Published September 20, 2023
Robert Bies, PharmD, PhD, professor, Department of Pharmaceutical Sciences, has been appointed associate dean for Graduate Education, effective September 1.
In this newly established role, Bies will bring leadership to the PhD programming at the University at Buffalo (UB) School of Pharmacy and Pharmaceutical Sciences (SPPS). His primary responsibility will be growing our PhD programming and associated areas involving recruitment, budgeting and governance.
Bies will oversee all aspects of our on-site graduate programs and will advance the impact of our on-line MS programming. He will lead the division directors of Graduate Studies in managing our Pharmaceutical Sciences PhD and MS programs, the Pharmacometrics and Personalized Pharmacotherapy and the Clinical and Translational Therapeutics MS programs and will also lead the Office for Graduate Education.
“This is a very unique time at the School of Pharmacy and Pharmaceutical Sciences with significant growth and evolution of the graduate programs encompassing the PhD in Pharmaceutical Sciences and the MS degrees in Pharmaceutical Sciences, Pharmacometrics and Personalized Pharmacotherapy and Clinical and Translational Therapeutics,” says Bies.
Bies earned his PharmD from the University of Texas at Austin and University of Texas Health Science Center San Antonio in 1994 and his PhD Pharmacology degree from Georgetown University in 1998. He then went on to complete postdoctoral training at Georgetown University in the Center for Drug Development Sciences until 2000. From 2000-2009 he served as an assistant professor at the University of Pittsburgh School of Pharmacy. He went on to serve as associate professor of Medicine and Medical and Molecular Genetics at the Indiana University School of Medicine and as director of the Disease and Therapeutic Response Modeling program for the Indiana Clinical Translational Sciences Institute from 2009-2015.
In 2015 Bies joined SPPS and currently serves as a professor in the Department of Pharmaceutical Sciences. He is also a member of the UB Institute for Computational Data Science.
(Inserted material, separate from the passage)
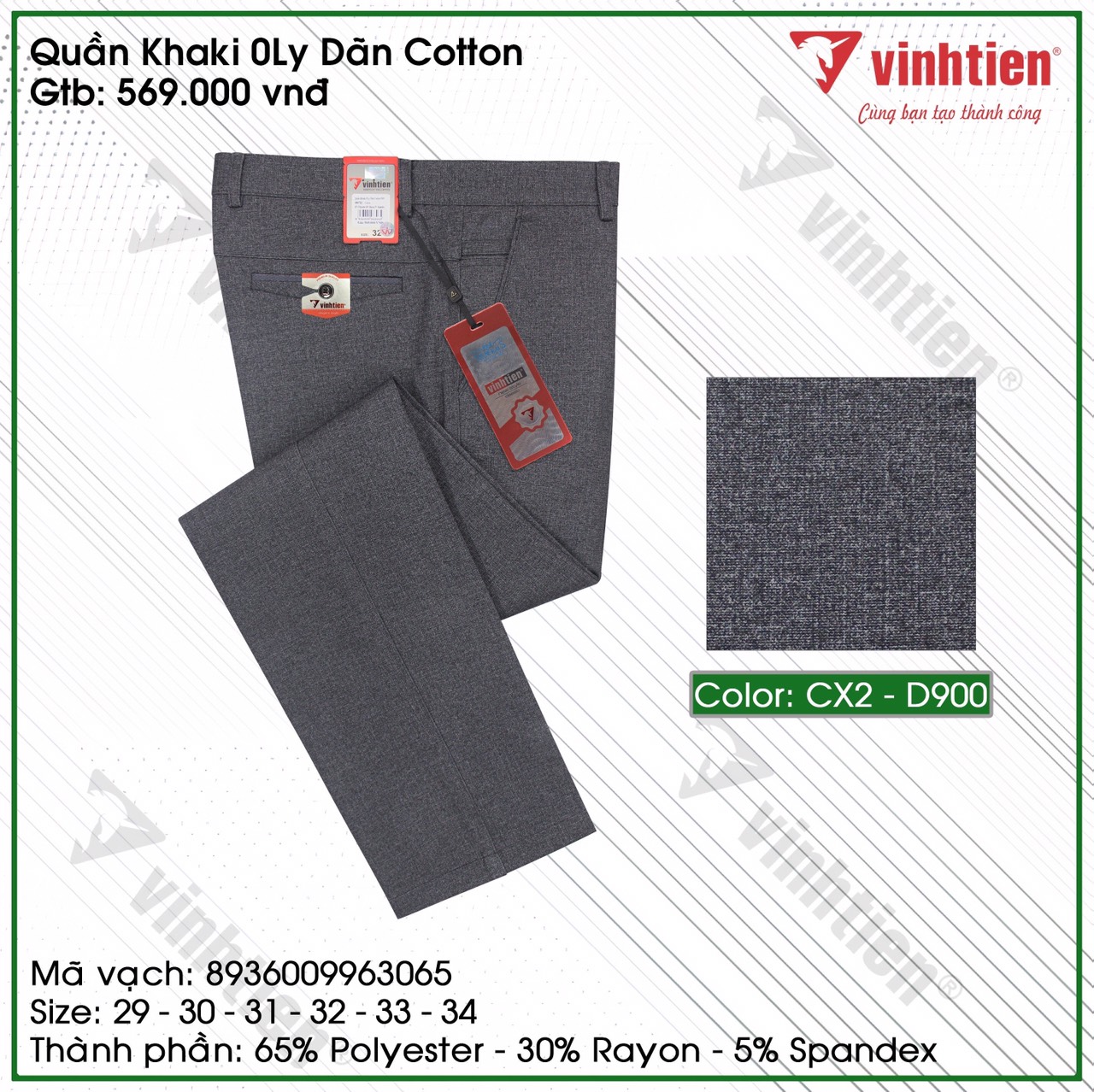 Quần Kaki 0Ly Nam Dãn Cotton Classic Vĩnh Tiến 569 - Nhiều Màu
Bies additionally serves as a project scientist at the Centre for Addiction and Mental Health, University of Toronto, is on the editorial boards for numerous scientific journals and is a member of several national scientific organizations.
His research focuses on the application of pharmacometric approaches in HIV, addiction, psychiatry, oncology, and neurology and novel methods development including machine learning approaches to model selection and optimization methods for parameter optimization in dynamic systems.
“I am delighted to have the opportunity to engage in this role,” Bies adds. “I look forward to working with my colleagues and the Dean to shepherd the graduate programs through this period of significant change.”